Caption-style text data
- Opening Delimiter -
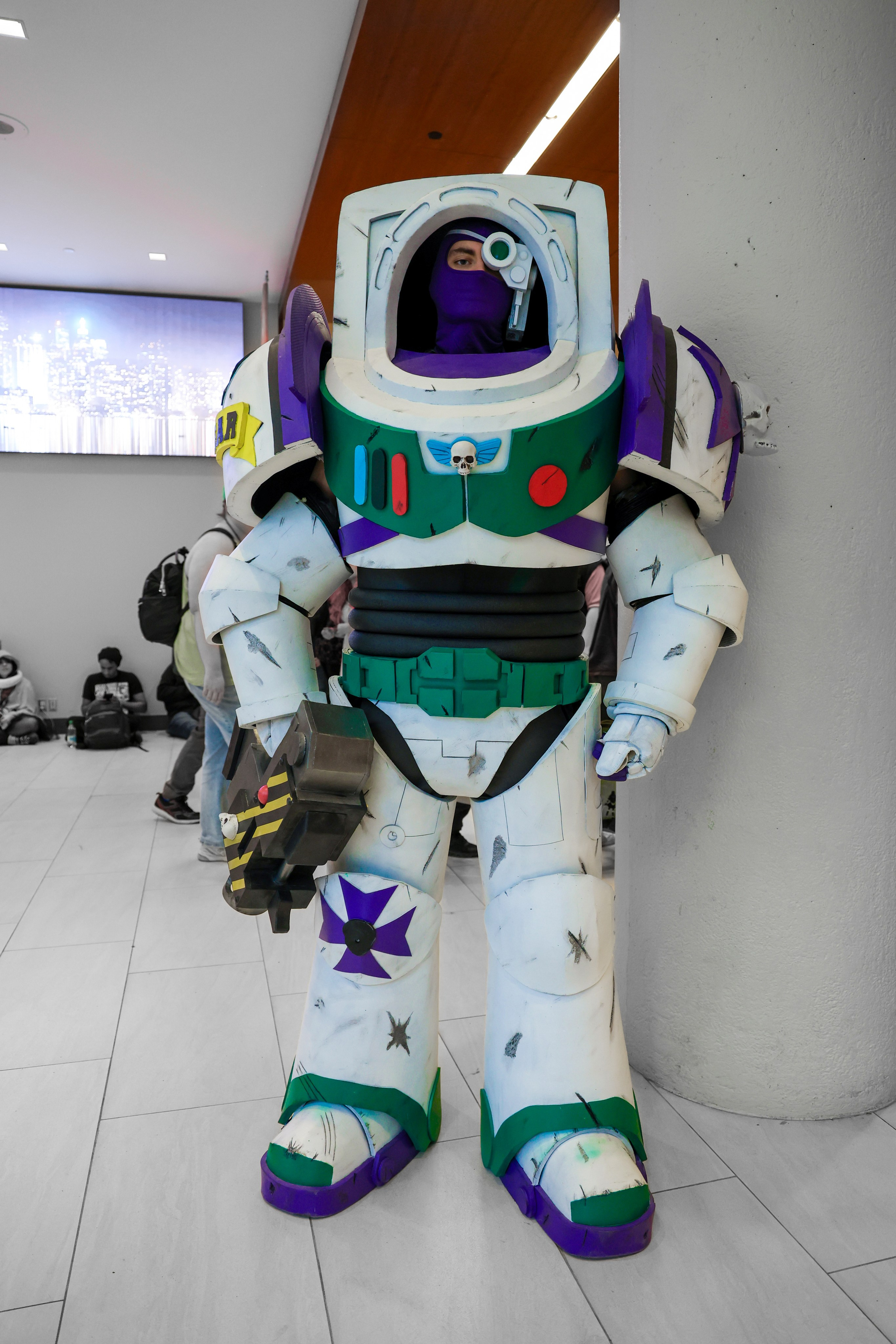 Comicon 2025. Portrait photographer based in Toronto — Blinova Mariia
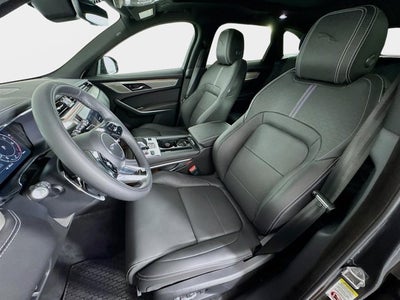2026 Jaguar F-PACE P400 R-Dynamic S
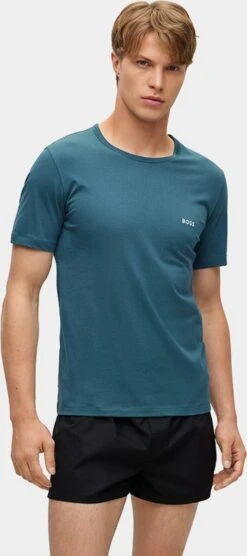 Hugo Boss BOSS Classic 3P O-hals Shirts Logo Multi 972 - L -Casio Verkoop 533x1200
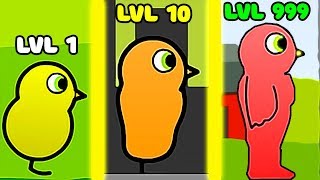 ЭВОЛЮЦИЯ УТКИ ЧТОБЫ СТАТЬ ЧЕЛОВЕКОМ В ИГРЕ DUCK LIFE EVOLUTION! screenshot 4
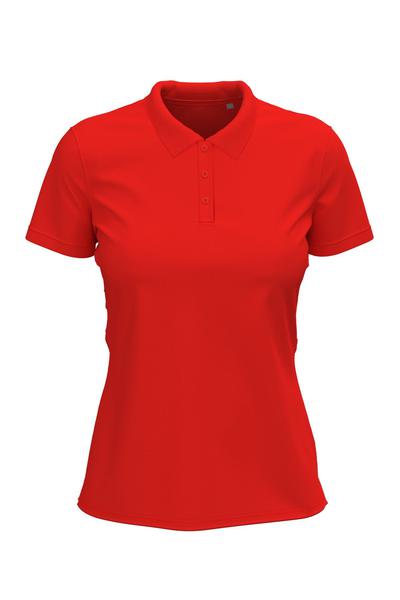 polo-donna-stretch-manica-corta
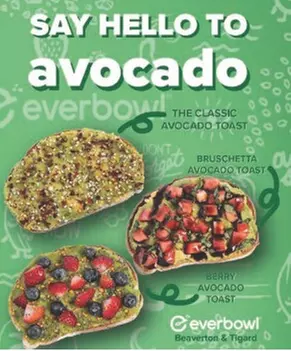 $10 For $20 Worth Of Fruit Bowls, Smoothies & More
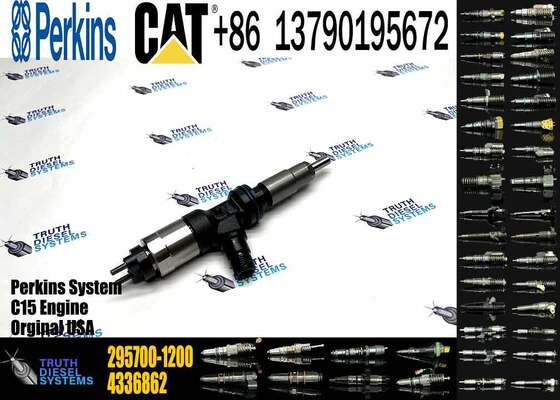 Common Rail Injector 370-7282 295050-0401 571-0940 295700-1200 418-3229 295050-1810 for diesel Engine CAT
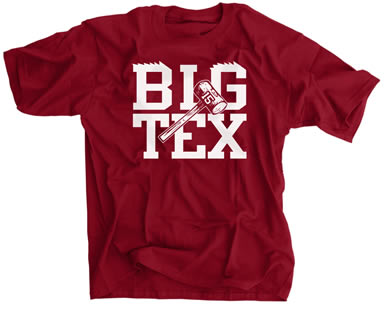 Big Tex 15 Shirt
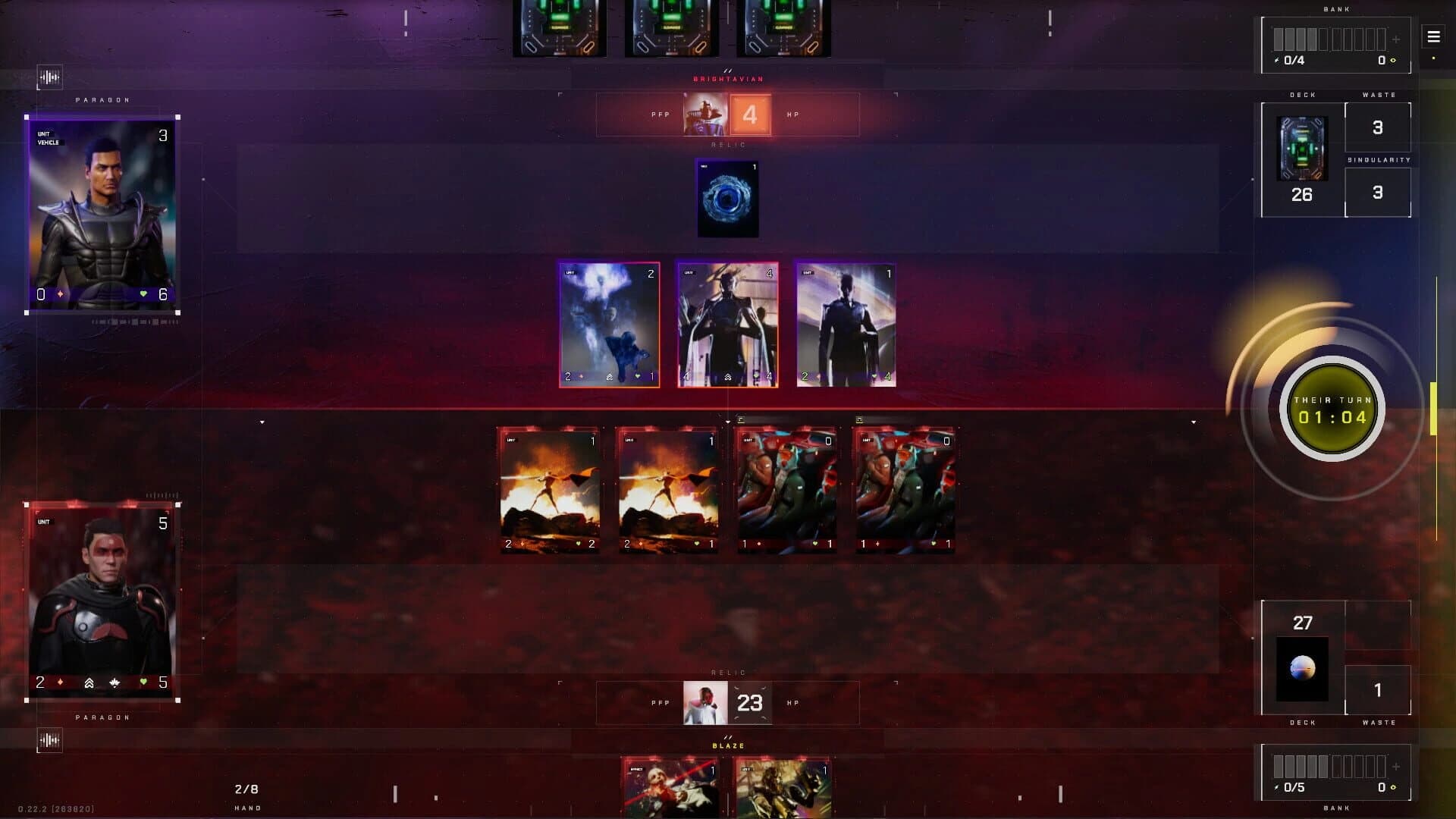 Parallel screenshot 1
- Closing Delimiter -
Problem to solve -
Return all the records above exactly, pictures omitted.

Exercise answer -
 Comicon 2025. Portrait photographer based in Toronto — Blinova Mariia
2026 Jaguar F-PACE P400 R-Dynamic S
 Hugo Boss BOSS Classic 3P O-hals Shirts Logo Multi 972 - L -Casio Verkoop 533x1200
 ЭВОЛЮЦИЯ УТКИ ЧТОБЫ СТАТЬ ЧЕЛОВЕКОМ В ИГРЕ DUCK LIFE EVOLUTION! screenshot 4
 polo-donna-stretch-manica-corta
 $10 For $20 Worth Of Fruit Bowls, Smoothies & More
 Common Rail Injector 370-7282 295050-0401 571-0940 295700-1200 418-3229 295050-1810 for diesel Engine CAT
 Big Tex 15 Shirt
 Parallel screenshot 1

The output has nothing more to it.